Turbulence is believed to play important roles in the origin of cosmic magnetism. While it is well known that turbulence can efficiently amplify a uniform or spatially homogeneous seed magnetic field, it is not clear whether or not we can draw a similar conclusion for a localized seed magnetic field. The main uncertainty is the rate of magnetic field diffusion on scales larger than the outer scale of turbulence. To measure the diffusion rate of magnetic field on those large scales, we perform a numerical simulation in which the outer scale of turbulence is much smaller than the size of the system. We numerically compare diffusion of a localized seed magnetic field and a localized passive scalar.
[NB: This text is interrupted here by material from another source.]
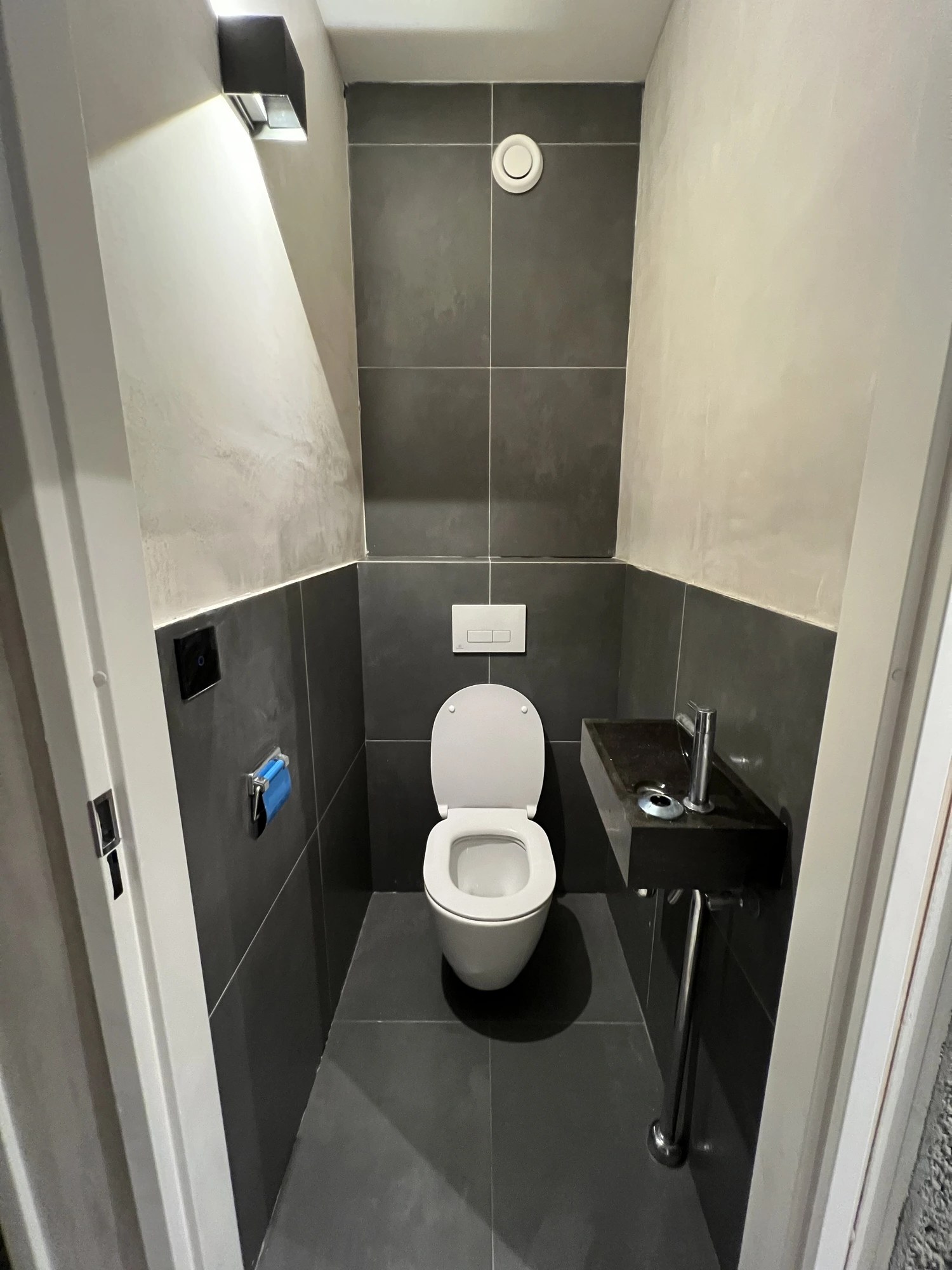 Toiletruimte in antraciet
We find that diffusion of the magnetic field can be much faster than that of the passive scalar and that turbulence can efficiently amplify the localized seed magnetic field. Based on the simulation result, we construct a model for fast diffusion of magnetic field. Our model suggests that a localized seed magnetic field can fill the whole system in $\ensuremath{\sim}{L}_{\mathrm{sys}}/L$ times the large-eddy turnover time and that growth of the magnetic field stops in $\ensuremath{\sim}\mathrm{max}(15,{L}_{\mathrm{sys}}/L)$ times the large-eddy turnover time, where ${L}_{\mathrm{sys}}$ is the size of the system and $L$ is the driving scale. Our finding implies that, regardless of the shape of the seed field, fast magnetization is possible in turbulent systems, such as large-scale structure of the Universe or galaxies.